TI: Well, what about other, like, organizations? You mentioned like Boy Scouts?

MA: Oh yes. I, I was very active, volunteer in the Boy Scouts. I served on the committees, served as scoutmaster and chairman of various committees, and I also was involved in getting people, I mean, Boy Scouts in this "inland empire" to go to Japan. We did a lot of advertising and recruiting. And I was able to get together seventy Boy Scouts, and we were able to take 'em to a Boy Scout jamboree in Japan, and we camped right at the foot of Mount Fuji there. The bad part there was the next day, we ran into a typhoon. [Laughs] And it blew all our tents down and flooded the place, and we had to evacuate out of there for, for three days and able to return later.

TI: There must have been thousands of scouts there, right?

MA: Oh yes, there were thousands of scouts, even from Seattle and all along the coast. As I say, I met one friend in Seattle, I think it was Nishimura.

TI: So when you did Scouts, was it with a Japanese American troop, or was it a more Caucasian troop?

MA: Mostly Caucasian. We had about four or five from our church, and they were very, very good scouts.
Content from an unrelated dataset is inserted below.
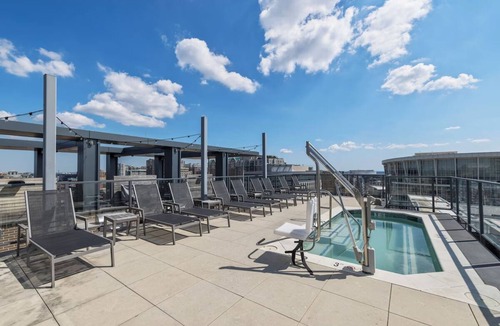 Bluemont Hotel | Arlington Ballston Stay | Rooftop Clubhouse | Steps to Metro & DC Landmarks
Some of 'em made Eagle rank, and they still keep in touch with me, these, some of these Sansei scouts.

TI: Now did, were you very involved with, like, Japanese American organizations like the Methodist Church and things like that?

MA: Oh yes. I was, I was quite active, various, chairman of various organizations and we used to have an old church down on Cowley and Fourth Avenue and we got too old, so I've become building chairman, me and another Issei, Mr. Kuroiwa. We got together and raised funds from the Japanese community to build a church where it stands now on Garfield, on Garfield and Hartson there. We were able to build that church in 1950, about 1955, I guess it was.
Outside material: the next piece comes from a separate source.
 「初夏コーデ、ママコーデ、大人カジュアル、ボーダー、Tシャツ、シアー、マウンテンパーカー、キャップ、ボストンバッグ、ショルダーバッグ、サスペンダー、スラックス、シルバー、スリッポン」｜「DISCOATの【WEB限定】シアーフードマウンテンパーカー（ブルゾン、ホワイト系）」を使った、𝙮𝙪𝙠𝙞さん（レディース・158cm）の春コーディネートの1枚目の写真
TI: And you were one of the, the, oh, I guess campaign chairs for that?

MA: Yeah, I was a, I was a...

TI: The Nisei...

MA: ...chairperson and finance chairman.

TI: Wow.

MA: And we built that church. And we raised seventy-five thousand dollars, which at that time was a lot of money. But oh, we got started building, we had a Nisei contractor build it, you know, but it went way over estimate, and by the time it got built it was $125,000. We had to borrow twenty-five (thousand) dollars from the headquarters of the Methodist Church, and they gave us that money. [Laughs] And then, and about five years later, we paid that all off.

TI: So now when you look at today, 2006, the Methodist Church, is it still a large, thriving Japanese American church, or is it changing?
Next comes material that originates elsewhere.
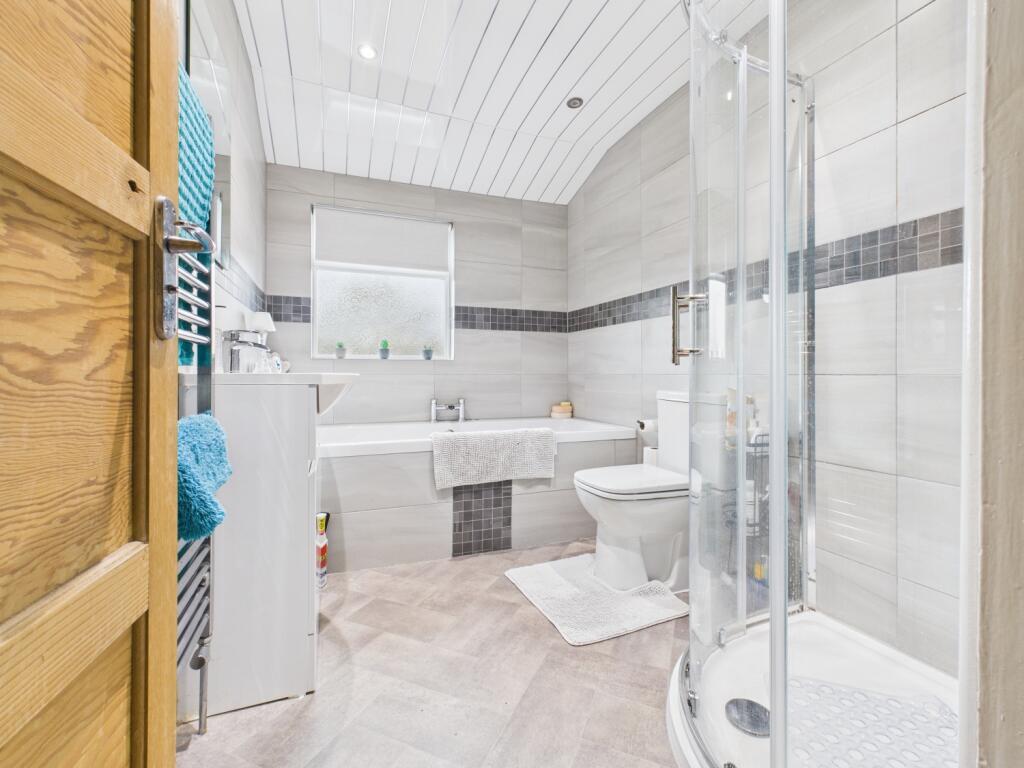 CAM03729G0-PR0165-STILL011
MA: It's changing fast, yeah. A lot of your chairmen are Caucasians, at least three, three of them. Four of them are Japanese. Gary Saiki, he's an architect, he's, he's the lay leader and chairperson right now. Yeah, Buddhist Church is, too, prospering right now. And they too, it's not all Japanese, but there are Caucasians getting involved, especially Christopher Marr, (a Nisei). I don't know whether you know him, he's a businessman. He runs an auto dealership on Northshore Drive that he's a very active, he and his wife were both active in the Buddhist Church. He has a Caucasian wife, and she's a very strong Buddhist. And they're able to, I think, almost half are Caucasians now at that Buddhist Church. Yeah, it's thriving.